Chuck Beames: The design, the creativity... I would design something and it was always something that was a little bit more of a challenge from the last thing I made. Maybe the next thing had dovetail joinery or it had a mortise and tenon joint or whatever, all different things. And then also the finishing.
Chuck Beames: One thing I will say, I think young people today would benefit from something like that because one of the things it does is it helps young people develop self-discipline - to stay focused on something and not get distracted. When you're using a table saw, you get distracted, you can lose a finger. So there's an imminent danger there as well.

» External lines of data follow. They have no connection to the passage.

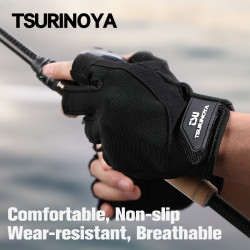 TSURINOYA Summer Sun Protection Half Finger Fishing Gloves 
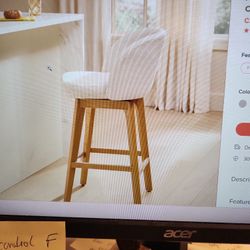 Alta Swivel Cojnter Stools Oak Camelia Ivory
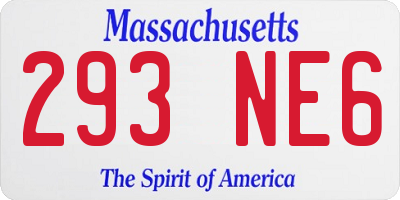 MA license plate 293NE6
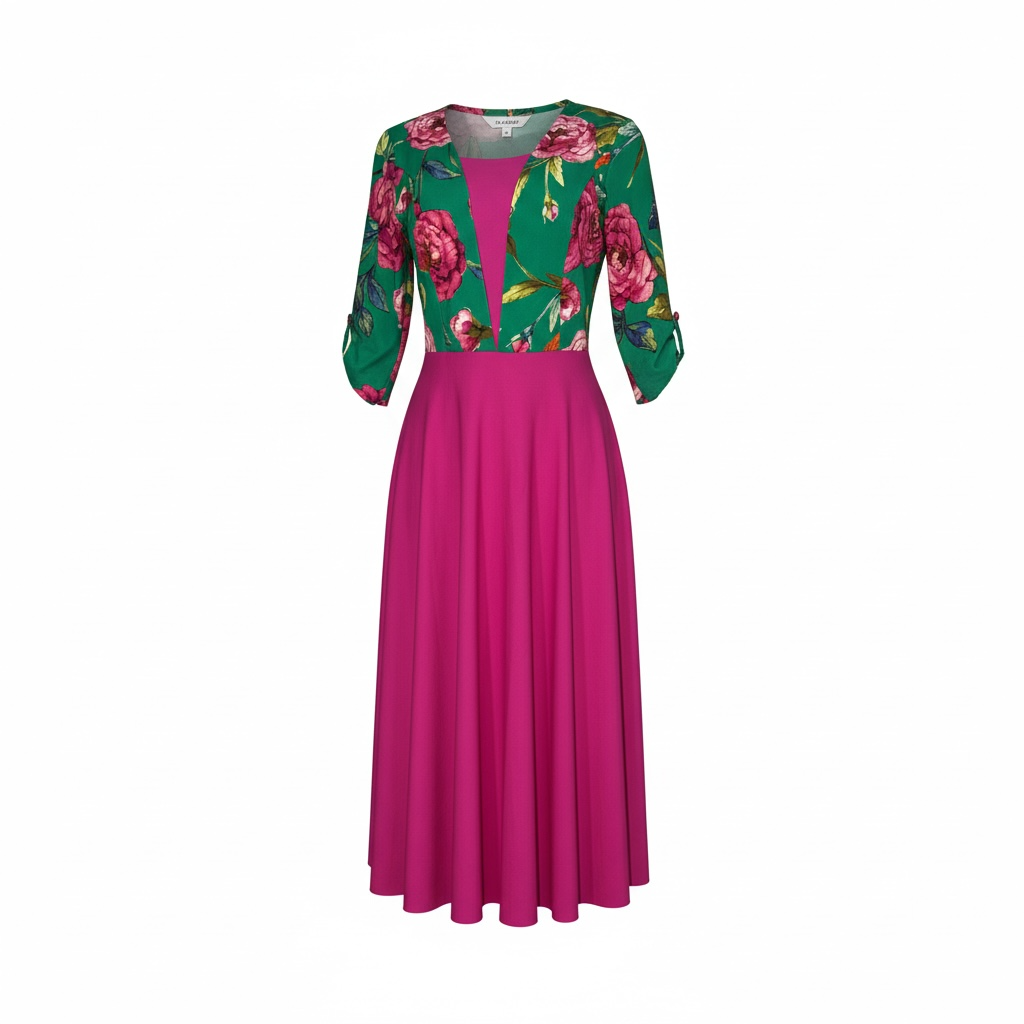 Vestido con saquito floral integrado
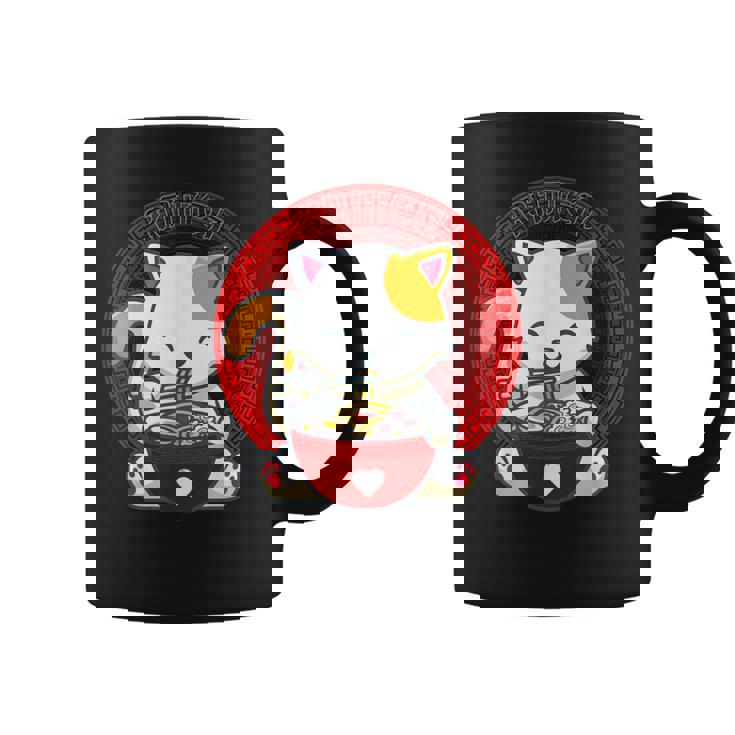 日本のカワイイ アニメ 猫 麺丼 猫 ラーメンを食べる コーヒーマグ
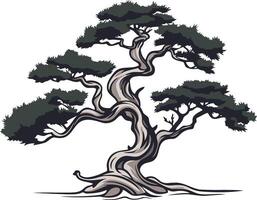 element Illustration of a Twisted Bonsai Tree vector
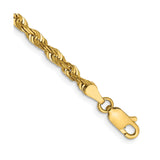 14K Yellow Gold 4 mm Rope Chain Bracelet, Polished detail view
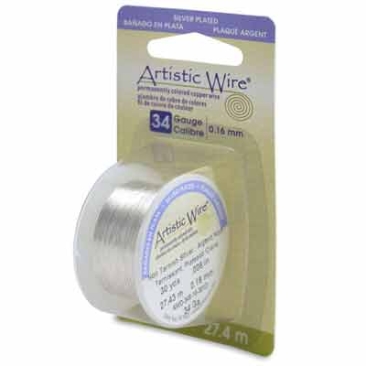 Beadalon Artistic Wire (modelling wire), 34 gauge (0.16mm), silver-plated, roll with 30 yd (27.4 m)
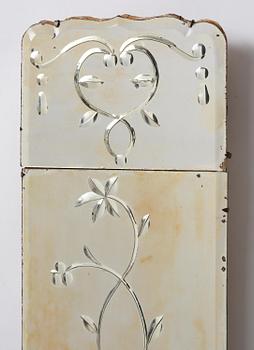A pair of Swedish engraved-glass one-branch girandole mirrors, later part 18th century.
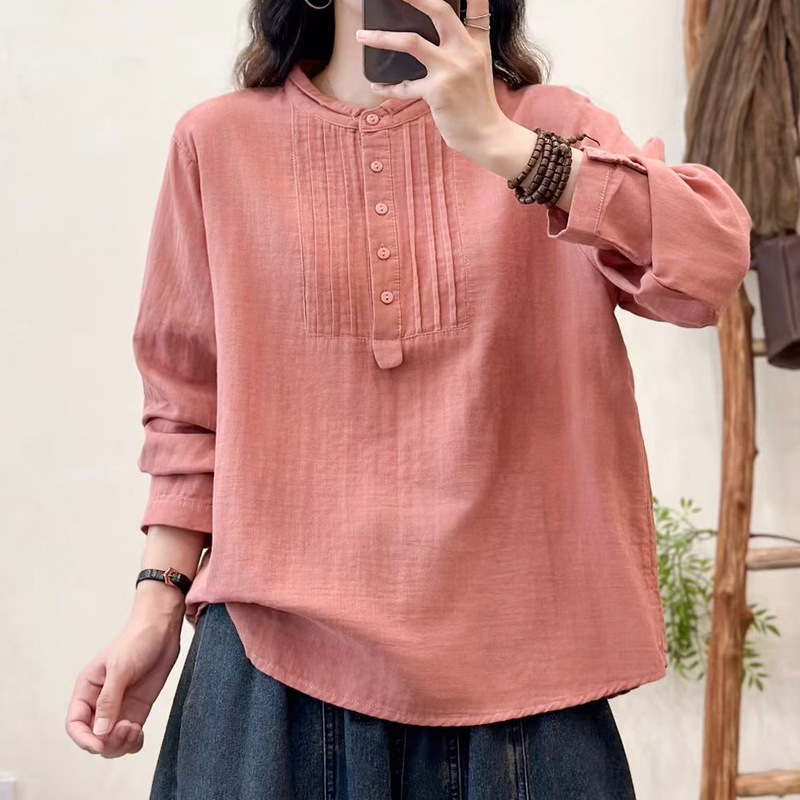 日韩春秋双层棉纱休闲长袖衬衫木耳领宽松棉质宽松大码女装衬衣|undefined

Chuck Beames: But those kinds of trades - doesn't matter if you go on to become president of the United States - those trades are useful learning. There's something in the human animal of using your hands. And someday when I retire again, I'm going to kit out my fantasy workshop. I sold my wood shop a few years ago, sold everything to a bunch of young guys. And so right now I don't have a wood shop. So I go a little bit crazy because I can't make some sawdust and stuff. But I cook. I love to cook because I have something about working with my hands.
Chuck Beames: So anyway, that's my outlet. But other than that, I would just say it's important to have a diversion. I think it's important at all ages, frankly, even little kids. Sports are sort of one. But I'm talking about something slightly different than sports or health and all that kind of stuff. I have friends of mine. This guy I served with, a West Point guy, this rough and tough sort of West Point guy, but he knitted. He actually did.
Chuck Beames: Which you think of like the grandmother sitting there knitting, but that was his thing and it worked for him. He'd make stuff for his nieces and nephews. You'd never guess. Here's this rough and tough army guy. It could be anything. But I do think it's an important thing.
Jim O'Shaughnessy: When I was looking at your passion for woodworking, it did generate a question that is actually a question about the satellite business.
Chuck Beames: There is a wooden satellite up there, by the way.
Jim O'Shaughnessy: No, I didn't know that.
Chuck Beames: Yeah, Japan launched one.
Jim O'Shaughnessy: That's very cool. I didn't know that. But so, okay, tomorrow you discover a "would knot" flaw in your entire satellite bus design. What are you gonna do? You're gonna triage, patch, recall or redesign, knowing the enemy is watching your every move?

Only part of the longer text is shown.